» **Activity**: Include in the reply only the lines from the start of the data below through the line containing "H Designer Apple", reproduced exactly and with no pictures.

Web page caption snippets
☆ ☆ ☆ ☆

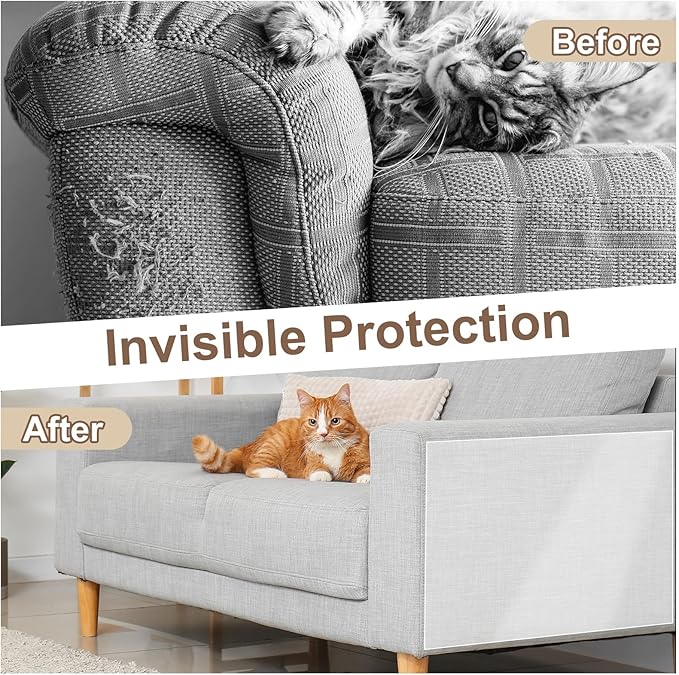 uxcell Anti Scratch Furniture Protector, 18 Sheets 17" x 12" Single-Sided Sticky Couch Protector from Cat Claws, Clear Protectors from Cats Scratching for Sofa Corners, Walls, Doors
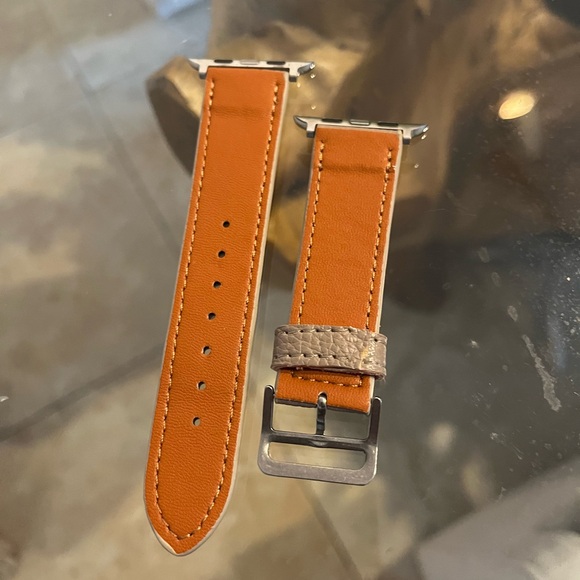 H Designer Apple Watch Band Beige Color  Leather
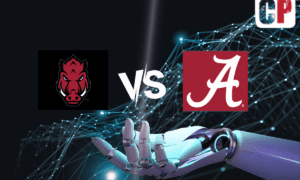 Arkansas Razorbacks at Alabama Crimson Tide AI NCAA Football Prediction 10/14/2023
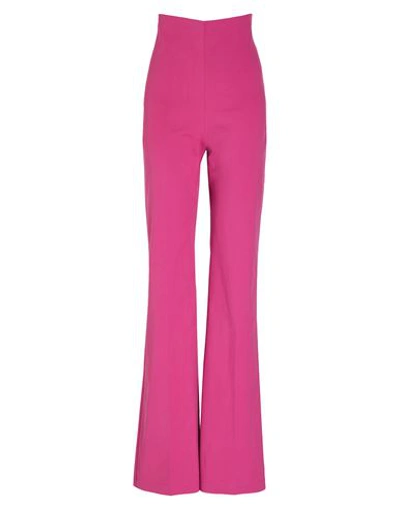 8 By Yoox Fitted Flare Pants Woman Pants Fuchsia Size 12 Cotton, Elastane In Pink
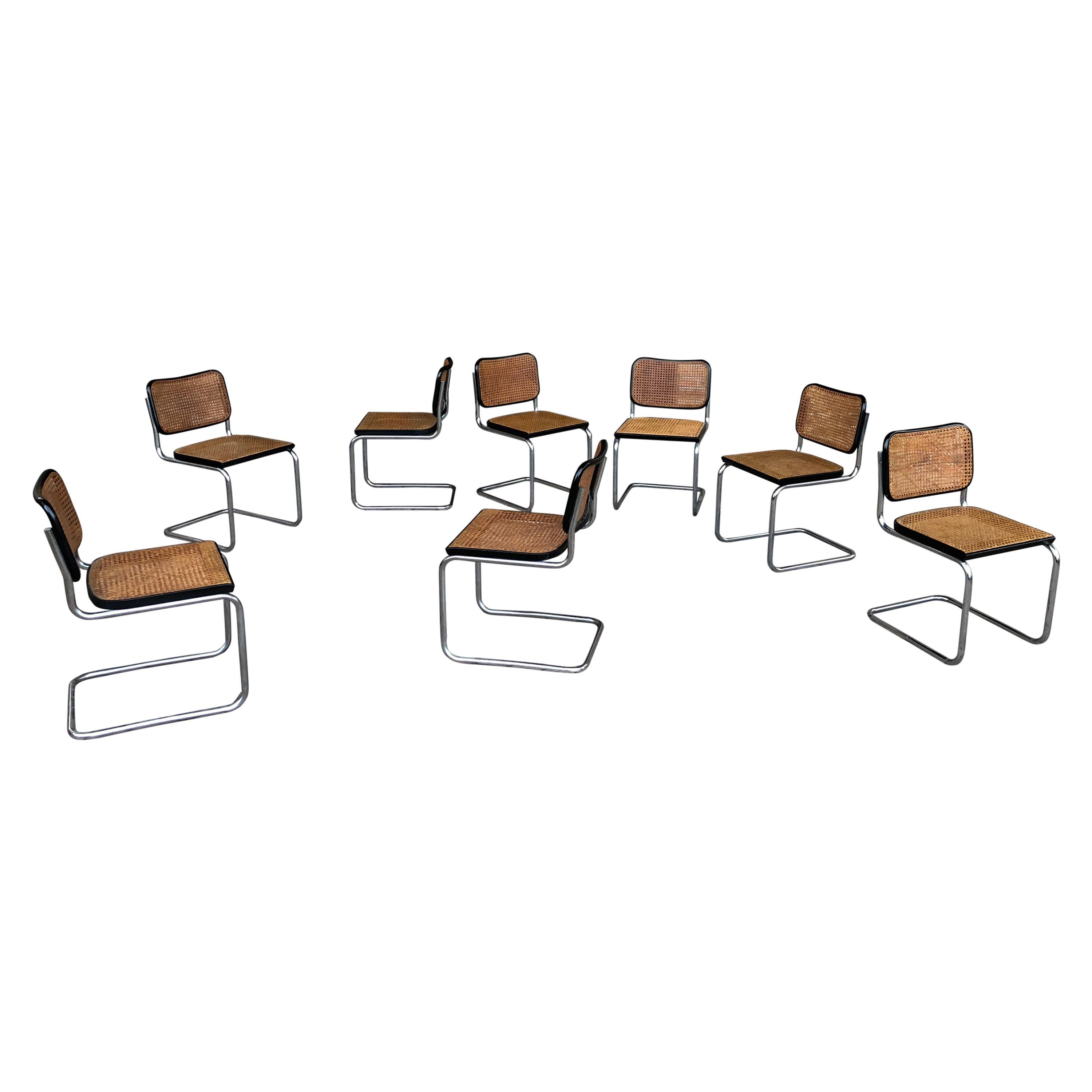 Marcel Breuer B32 Sillas de comedor Cesca para Gavina Knoll, 1963, lote de 8 Italiano en venta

☆ ☆ ☆ ☆

» **Answer box**:
 uxcell Anti Scratch Furniture Protector, 18 Sheets 17" x 12" Single-Sided Sticky Couch Protector from Cat Claws, Clear Protectors from Cats Scratching for Sofa Corners, Walls, Doors
 H Designer Apple Watch Band Beige Color  Leather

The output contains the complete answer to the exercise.